PROBLEM STATEMENT » Copy, word for word, the lines below from the one containing "Dinámica bacteriana en" up to and including the one containing "What is the", with pictures left out.

=== DATA ===

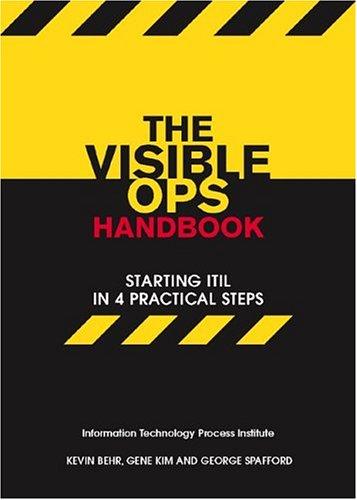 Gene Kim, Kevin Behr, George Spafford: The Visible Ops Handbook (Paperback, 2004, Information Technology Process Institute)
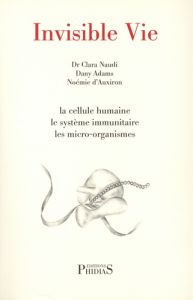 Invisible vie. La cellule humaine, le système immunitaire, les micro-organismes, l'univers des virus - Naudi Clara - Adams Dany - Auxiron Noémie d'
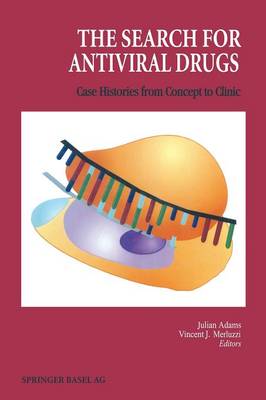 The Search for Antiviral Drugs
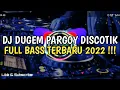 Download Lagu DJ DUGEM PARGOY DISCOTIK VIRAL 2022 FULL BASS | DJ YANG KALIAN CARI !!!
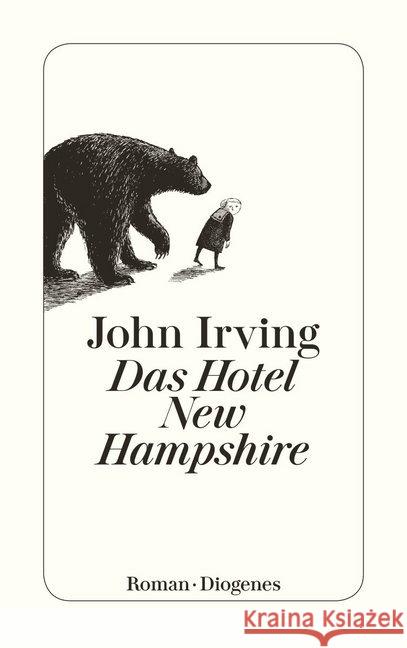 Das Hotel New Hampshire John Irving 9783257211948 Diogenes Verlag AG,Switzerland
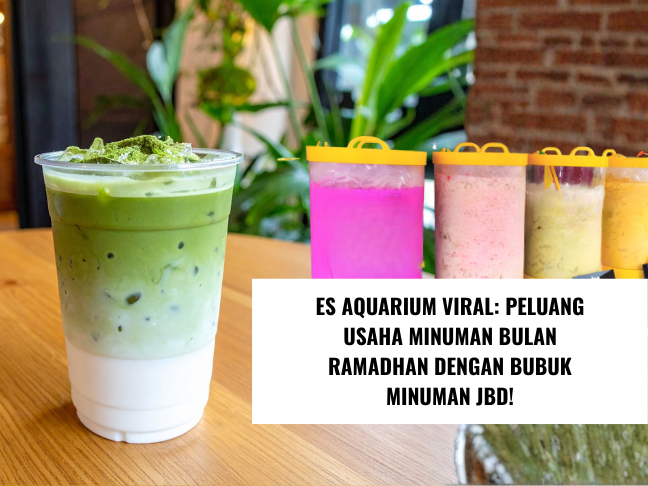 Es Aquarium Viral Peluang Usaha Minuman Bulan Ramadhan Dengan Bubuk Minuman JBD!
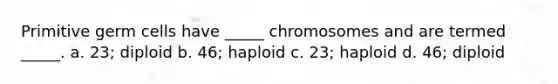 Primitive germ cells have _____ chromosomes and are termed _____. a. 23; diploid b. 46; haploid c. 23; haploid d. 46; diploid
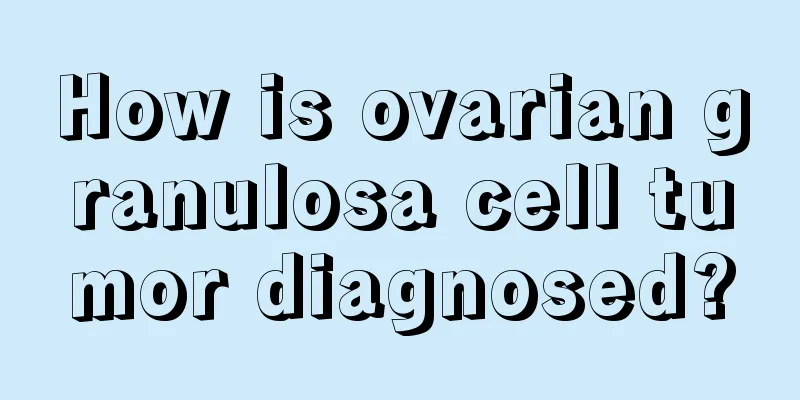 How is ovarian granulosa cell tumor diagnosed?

===
=== DATA ===

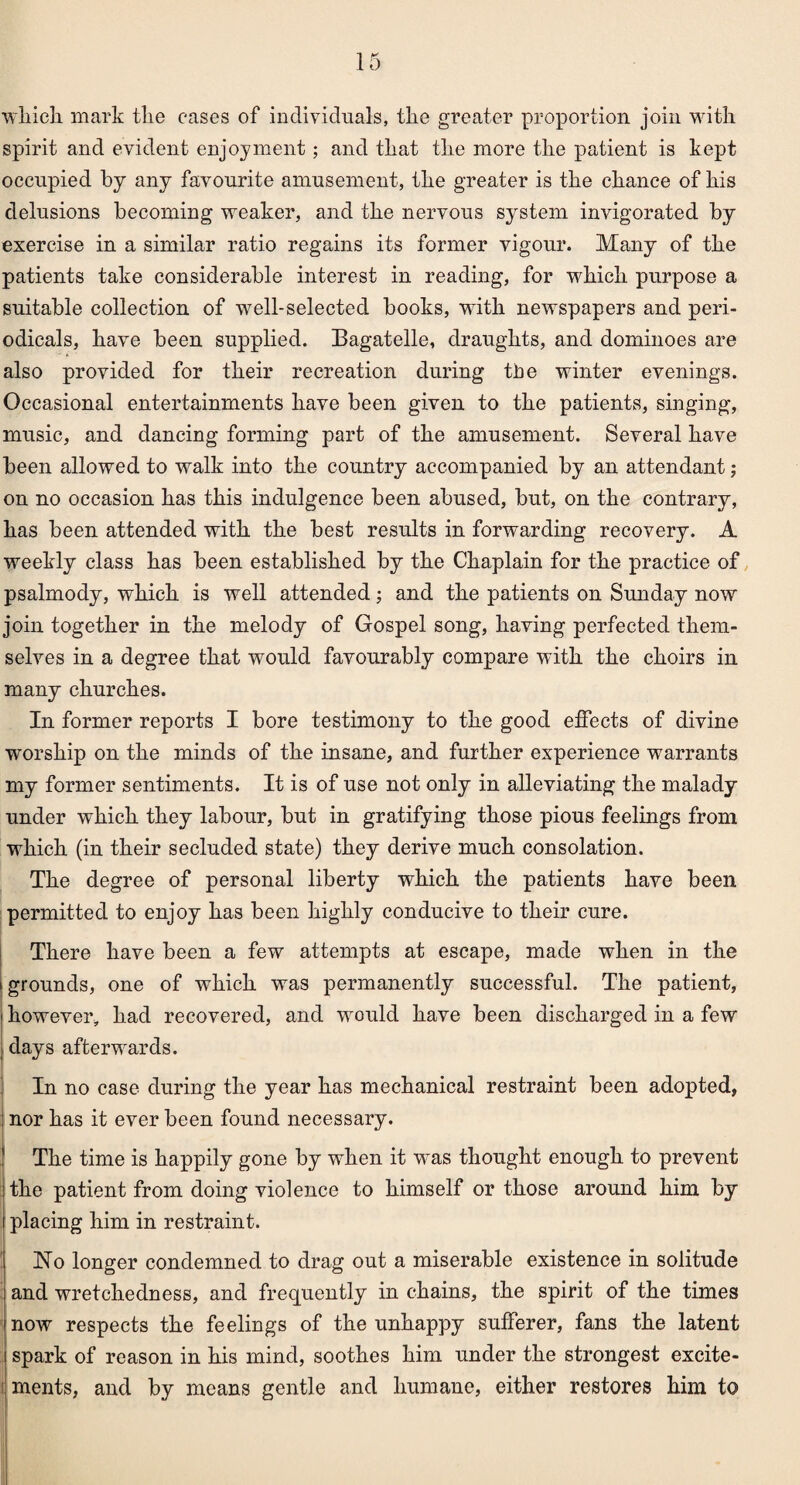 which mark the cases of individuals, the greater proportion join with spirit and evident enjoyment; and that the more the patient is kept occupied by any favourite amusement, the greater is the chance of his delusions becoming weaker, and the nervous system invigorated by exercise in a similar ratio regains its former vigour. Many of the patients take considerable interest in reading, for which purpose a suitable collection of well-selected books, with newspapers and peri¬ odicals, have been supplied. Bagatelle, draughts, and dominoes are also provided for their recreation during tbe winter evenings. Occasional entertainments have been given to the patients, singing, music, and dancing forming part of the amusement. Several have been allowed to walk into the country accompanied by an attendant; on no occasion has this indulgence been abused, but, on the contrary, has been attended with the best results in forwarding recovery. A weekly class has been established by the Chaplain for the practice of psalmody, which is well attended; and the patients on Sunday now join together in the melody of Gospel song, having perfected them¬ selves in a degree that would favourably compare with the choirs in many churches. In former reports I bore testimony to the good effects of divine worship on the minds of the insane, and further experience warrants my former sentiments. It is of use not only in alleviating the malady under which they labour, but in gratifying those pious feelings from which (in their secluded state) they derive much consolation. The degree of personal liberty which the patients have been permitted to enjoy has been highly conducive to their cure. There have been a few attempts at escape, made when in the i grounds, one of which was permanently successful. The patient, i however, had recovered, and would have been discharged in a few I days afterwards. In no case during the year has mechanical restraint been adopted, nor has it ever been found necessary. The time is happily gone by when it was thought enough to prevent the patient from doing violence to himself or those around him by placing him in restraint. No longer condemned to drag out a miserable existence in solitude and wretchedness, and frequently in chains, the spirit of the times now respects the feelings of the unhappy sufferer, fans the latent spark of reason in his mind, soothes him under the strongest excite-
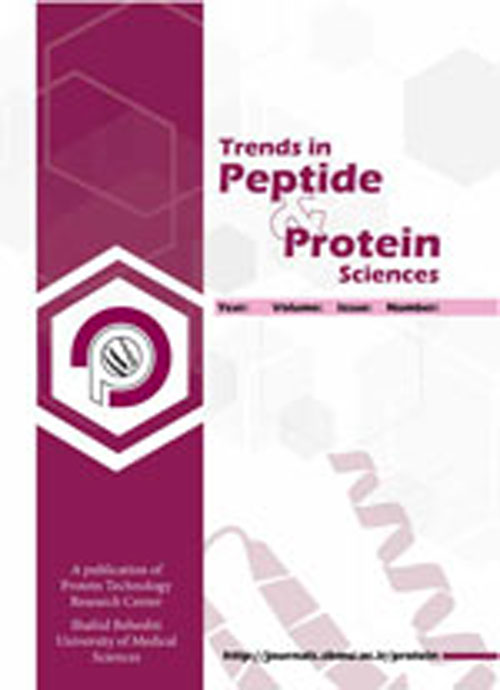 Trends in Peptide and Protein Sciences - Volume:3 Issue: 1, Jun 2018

===
=== DATA ===

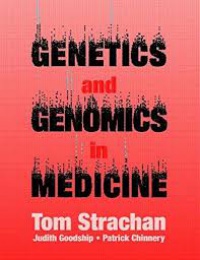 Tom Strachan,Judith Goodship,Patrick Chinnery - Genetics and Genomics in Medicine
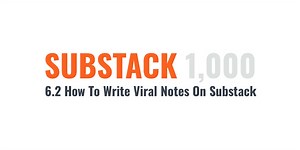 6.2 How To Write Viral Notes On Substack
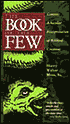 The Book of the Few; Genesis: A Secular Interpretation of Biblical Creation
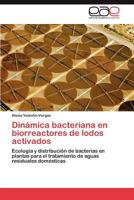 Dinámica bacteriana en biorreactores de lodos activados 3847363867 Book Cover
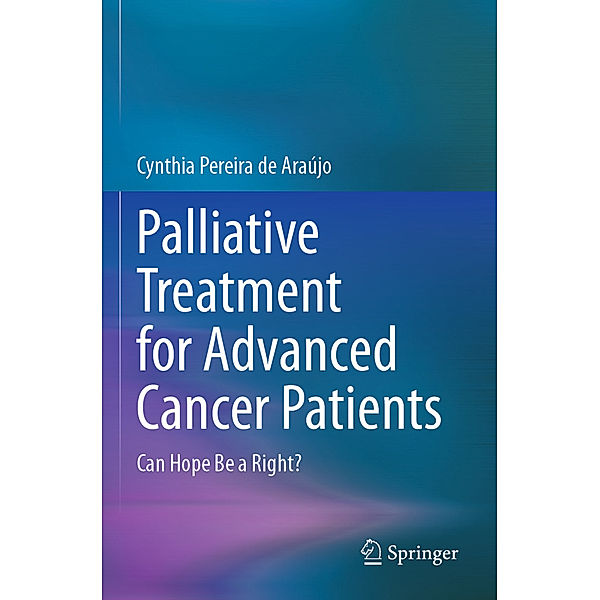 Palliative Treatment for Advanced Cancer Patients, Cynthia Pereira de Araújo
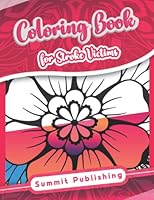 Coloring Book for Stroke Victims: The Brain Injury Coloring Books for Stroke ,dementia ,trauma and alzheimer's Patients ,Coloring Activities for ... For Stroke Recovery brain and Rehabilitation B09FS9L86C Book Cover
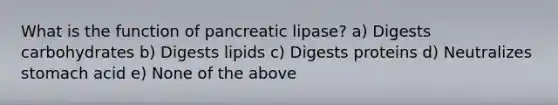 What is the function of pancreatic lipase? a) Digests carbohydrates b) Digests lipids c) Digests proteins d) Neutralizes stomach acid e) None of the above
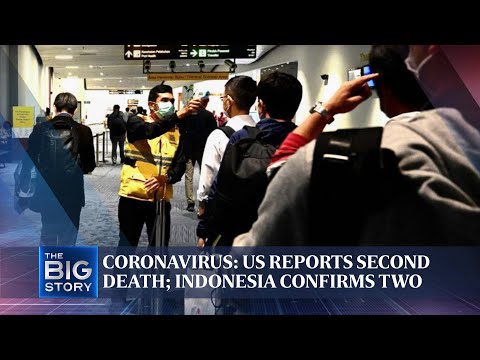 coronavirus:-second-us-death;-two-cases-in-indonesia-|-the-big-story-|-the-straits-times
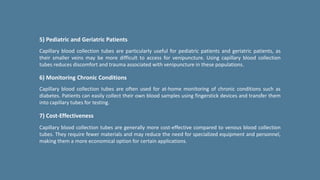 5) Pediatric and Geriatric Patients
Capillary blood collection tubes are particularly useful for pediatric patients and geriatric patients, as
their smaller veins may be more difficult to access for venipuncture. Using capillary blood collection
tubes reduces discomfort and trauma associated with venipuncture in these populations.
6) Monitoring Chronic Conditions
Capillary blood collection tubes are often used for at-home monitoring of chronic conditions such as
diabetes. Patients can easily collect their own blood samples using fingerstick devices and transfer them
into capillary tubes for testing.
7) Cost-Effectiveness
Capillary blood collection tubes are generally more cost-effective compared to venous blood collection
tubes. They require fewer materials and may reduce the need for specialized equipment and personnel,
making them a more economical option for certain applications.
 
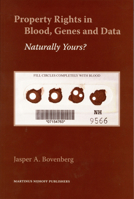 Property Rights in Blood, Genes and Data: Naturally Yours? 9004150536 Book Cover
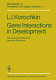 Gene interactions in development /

===

SOLUTION TO THIS TASK »
 Dinámica bacteriana en biorreactores de lodos activados 3847363867 Book Cover
 Palliative Treatment for Advanced Cancer Patients, Cynthia Pereira de Araújo
 Coloring Book for Stroke Victims: The Brain Injury Coloring Books for Stroke ,dementia ,trauma and alzheimer's Patients ,Coloring Activities for ... For Stroke Recovery brain and Rehabilitation B09FS9L86C Book Cover
 What is the function of pancreatic lipase? a) Digests carbohydrates b) Digests lipids c) Digests proteins d) Neutralizes stomach acid e) None of the above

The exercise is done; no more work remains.